Barrio of Puerto Rico

Caimital Bajo is a barrio in the municipality of Aguadilla, Puerto Rico. Its population in 2010 was 4,487. In Caimatal Bajo barrio is part of the Aguadilla urban zone.

==History==
Caimital Bajo was in Spain's gazetteers until Puerto Rico was ceded by Spain in the aftermath of the Spanish–American War under the terms of the Treaty of Paris of 1898 and became an unincorporated territory of the United States.
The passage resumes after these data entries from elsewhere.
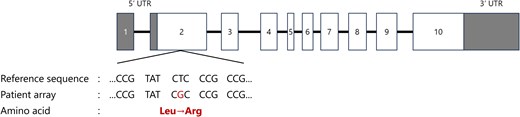 Structure of the MEN1 gene and the variant in this case. White boxes indicate exons, horizontal bars indicate introns, gray boxes represent untranslated regions (UTRs). In this case, a missense variant was found in exon 2 (c.266T > G; p.Leu89Arg). *The figure was drawn with reference to reference 4.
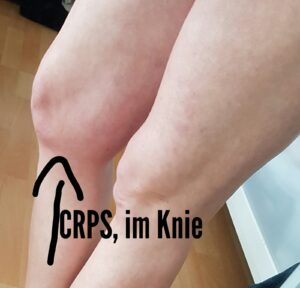 CRPS im Knie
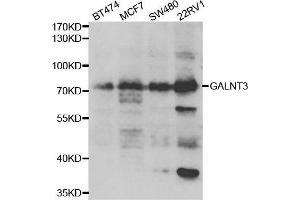 Western blot analysis of extracts of various cell lines, using GALNT3 antibody. (GALNT3 antibody)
In 1899, the United States Department of War conducted a census of Puerto Rico finding that the population of Caimital Bajo barrio was 943.

Historical population
| Census | Pop. | Note | %± |
| 1900 | 943 |  | — |
| 1910 | 2,341 |  | 148.3% |
| 1920 | 1,993 |  | −14.9% |
| 1930 | 1,701 |  | −14.7% |
| 1940 | 2,289 |  | 34.6% |
| 1950 | 2,351 |  | 2.7% |
| 1960 | 3,373 |  | 43.5% |
| 1970 | 0 |  | −100.0% |
| 1980 | 4,261 |  | — |
| 1990 | 5,017 |  | 17.7% |
| 2000 | 5,277 |  | 5.2% |
| 2010 | 4,487 |  | −15.0% |
U.S. Decennial Census 1899 (shown as 1900) 1910-1930 1930-1950 1980-2000 2010

==Sectors==
Barrios (which are, in contemporary times, roughly comparable to minor civil divisions) in turn are further subdivided into smaller local populated place areas/units called sectores (sectors in English). The types of sectores may vary, from normally sector to urbanización to reparto to barriada to residencial, among others.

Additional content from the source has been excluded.